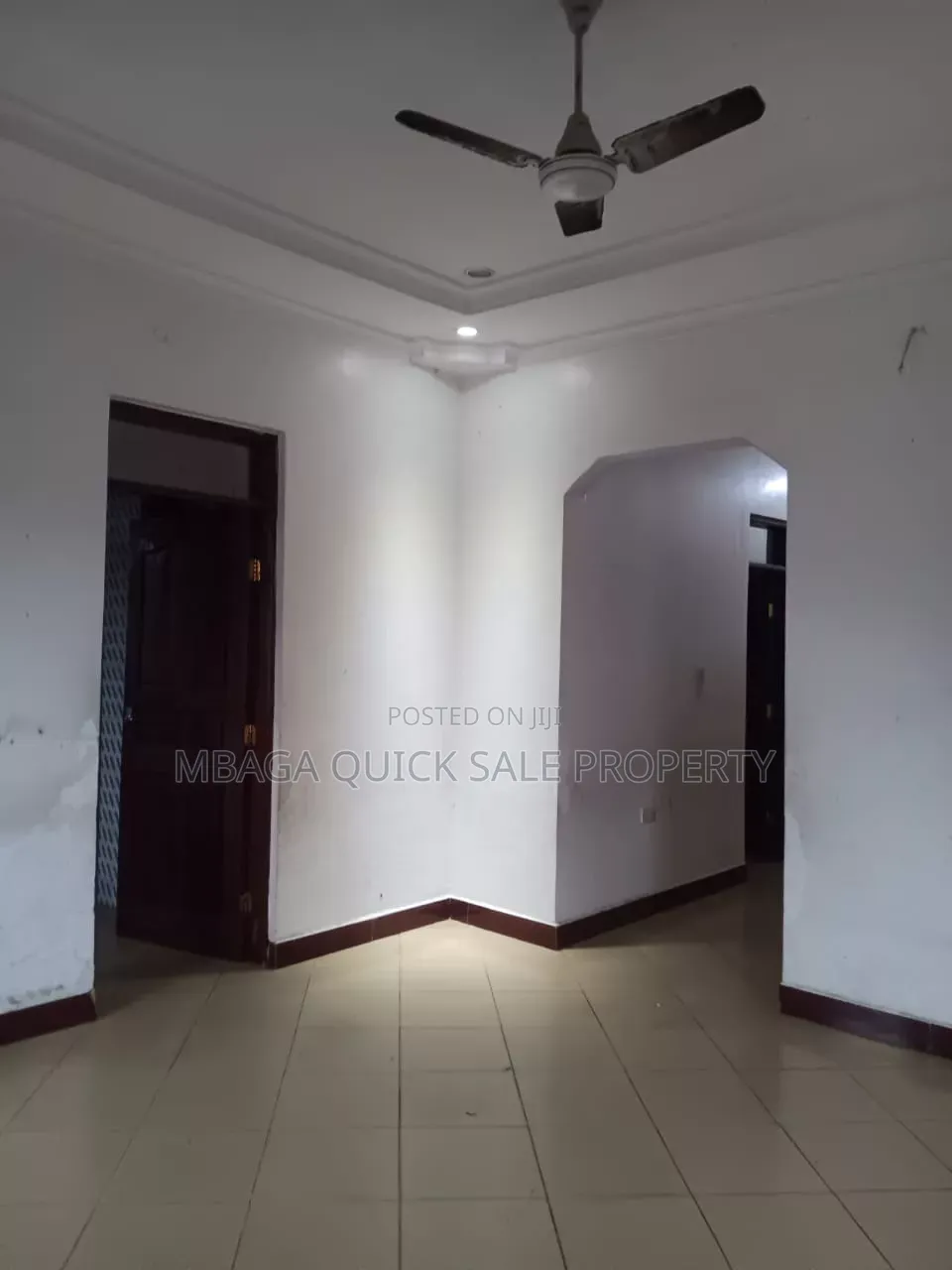 3bdrm House in Kinondoni for rent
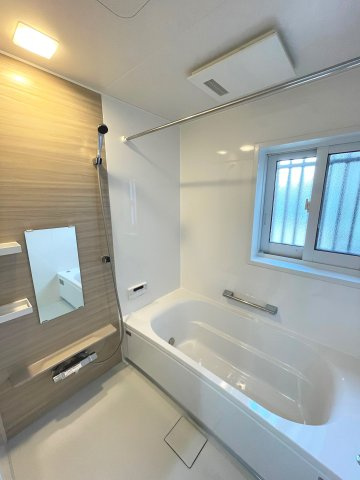 【浴室】 | 津市夢が丘１丁目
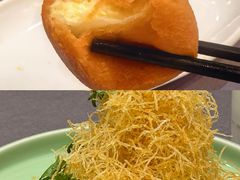 -金哥私房菜馆(张府园总店)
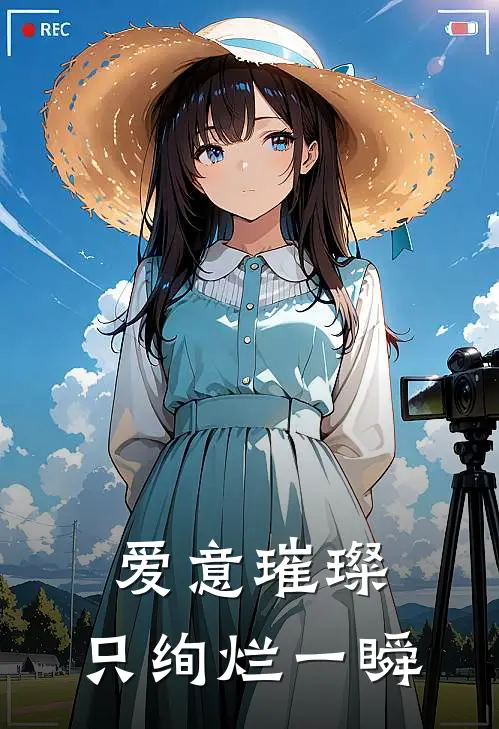 爱意璀璨，只绚烂一瞬青梅凌柔霍砚礼全本免费完结小说_免费小说完结爱意璀璨，只绚烂一瞬青梅凌柔霍砚礼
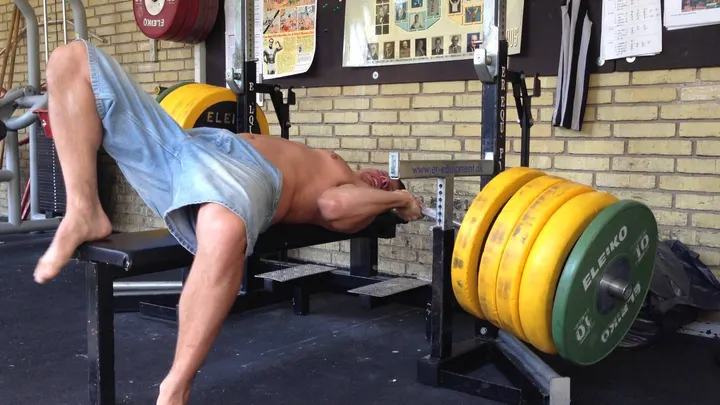 van 't Hof - Personal training — personal training-studio in Dordrecht — 4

_PROBLEM DESCRIPTION:_ Write out the entries again, word for word. No images.

_EXERCISE RESULT:_
 3bdrm House in Kinondoni for rent
 【浴室】 | 津市夢が丘１丁目
 -金哥私房菜馆(张府园总店)
 爱意璀璨，只绚烂一瞬青梅凌柔霍砚礼全本免费完结小说_免费小说完结爱意璀璨，只绚烂一瞬青梅凌柔霍砚礼
 van 't Hof - Personal training — personal training-studio in Dordrecht — 4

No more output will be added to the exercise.